> **Exercise details**: Would it be possible to reproduce every entry exactly, please?

━━━━━ Extracted entries ━━━━━

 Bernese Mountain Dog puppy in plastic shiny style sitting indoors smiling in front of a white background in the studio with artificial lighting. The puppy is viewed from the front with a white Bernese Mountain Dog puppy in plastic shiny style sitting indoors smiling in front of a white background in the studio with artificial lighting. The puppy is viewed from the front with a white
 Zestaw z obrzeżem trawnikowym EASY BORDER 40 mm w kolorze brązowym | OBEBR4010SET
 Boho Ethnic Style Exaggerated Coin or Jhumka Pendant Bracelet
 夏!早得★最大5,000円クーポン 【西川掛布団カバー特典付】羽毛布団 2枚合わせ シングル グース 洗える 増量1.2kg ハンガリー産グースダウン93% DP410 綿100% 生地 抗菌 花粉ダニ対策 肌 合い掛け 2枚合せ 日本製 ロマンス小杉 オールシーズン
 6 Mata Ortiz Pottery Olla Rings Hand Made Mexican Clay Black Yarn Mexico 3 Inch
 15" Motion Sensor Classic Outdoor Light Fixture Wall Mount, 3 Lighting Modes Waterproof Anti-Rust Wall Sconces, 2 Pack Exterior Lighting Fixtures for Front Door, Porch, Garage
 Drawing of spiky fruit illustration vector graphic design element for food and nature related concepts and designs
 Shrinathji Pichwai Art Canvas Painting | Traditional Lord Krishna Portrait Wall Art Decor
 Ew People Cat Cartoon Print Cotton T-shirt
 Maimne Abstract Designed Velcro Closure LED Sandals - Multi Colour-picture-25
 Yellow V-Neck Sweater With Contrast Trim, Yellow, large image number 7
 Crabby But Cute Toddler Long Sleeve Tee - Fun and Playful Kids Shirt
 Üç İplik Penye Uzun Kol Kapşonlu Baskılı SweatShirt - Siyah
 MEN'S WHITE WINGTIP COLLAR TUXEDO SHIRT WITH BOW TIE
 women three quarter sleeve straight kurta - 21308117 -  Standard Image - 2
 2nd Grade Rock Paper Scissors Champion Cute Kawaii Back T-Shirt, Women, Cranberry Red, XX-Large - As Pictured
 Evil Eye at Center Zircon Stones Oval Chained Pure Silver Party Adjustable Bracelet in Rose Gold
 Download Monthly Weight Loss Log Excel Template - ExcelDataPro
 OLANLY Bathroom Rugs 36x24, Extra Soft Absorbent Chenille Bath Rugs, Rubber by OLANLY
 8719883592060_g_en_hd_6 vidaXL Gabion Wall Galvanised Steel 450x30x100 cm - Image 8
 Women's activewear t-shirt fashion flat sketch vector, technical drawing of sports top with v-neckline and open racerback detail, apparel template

━━━━━

> **Answer space**:
 Bernese Mountain Dog puppy in plastic shiny style sitting indoors smiling in front of a white background in the studio with artificial lighting. The puppy is viewed from the front with a white Bernese Mountain Dog puppy in plastic shiny style sitting indoors smiling in front of a white background in the studio with artificial lighting. The puppy is viewed from the front with a white
 Zestaw z obrzeżem trawnikowym EASY BORDER 40 mm w kolorze brązowym | OBEBR4010SET
 Boho Ethnic Style Exaggerated Coin or Jhumka Pendant Bracelet
 夏!早得★最大5,000円クーポン 【西川掛布団カバー特典付】羽毛布団 2枚合わせ シングル グース 洗える 増量1.2kg ハンガリー産グースダウン93% DP410 綿100% 生地 抗菌 花粉ダニ対策 肌 合い掛け 2枚合せ 日本製 ロマンス小杉 オールシーズン
 6 Mata Ortiz Pottery Olla Rings Hand Made Mexican Clay Black Yarn Mexico 3 Inch
 15" Motion Sensor Classic Outdoor Light Fixture Wall Mount, 3 Lighting Modes Waterproof Anti-Rust Wall Sconces, 2 Pack Exterior Lighting Fixtures for Front Door, Porch, Garage
 Drawing of spiky fruit illustration vector graphic design element for food and nature related concepts and designs
 Shrinathji Pichwai Art Canvas Painting | Traditional Lord Krishna Portrait Wall Art Decor
 Ew People Cat Cartoon Print Cotton T-shirt
 Maimne Abstract Designed Velcro Closure LED Sandals - Multi Colour-picture-25
 Yellow V-Neck Sweater With Contrast Trim, Yellow, large image number 7
 Crabby But Cute Toddler Long Sleeve Tee - Fun and Playful Kids Shirt
 Üç İplik Penye Uzun Kol Kapşonlu Baskılı SweatShirt - Siyah
 MEN'S WHITE WINGTIP COLLAR TUXEDO SHIRT WITH BOW TIE
 women three quarter sleeve straight kurta - 21308117 -  Standard Image - 2
 2nd Grade Rock Paper Scissors Champion Cute Kawaii Back T-Shirt, Women, Cranberry Red, XX-Large - As Pictured
 Evil Eye at Center Zircon Stones Oval Chained Pure Silver Party Adjustable Bracelet in Rose Gold
 Download Monthly Weight Loss Log Excel Template - ExcelDataPro
 OLANLY Bathroom Rugs 36x24, Extra Soft Absorbent Chenille Bath Rugs, Rubber by OLANLY
 8719883592060_g_en_hd_6 vidaXL Gabion Wall Galvanised Steel 450x30x100 cm - Image 8
 Women's activewear t-shirt fashion flat sketch vector, technical drawing of sports top with v-neckline and open racerback detail, apparel template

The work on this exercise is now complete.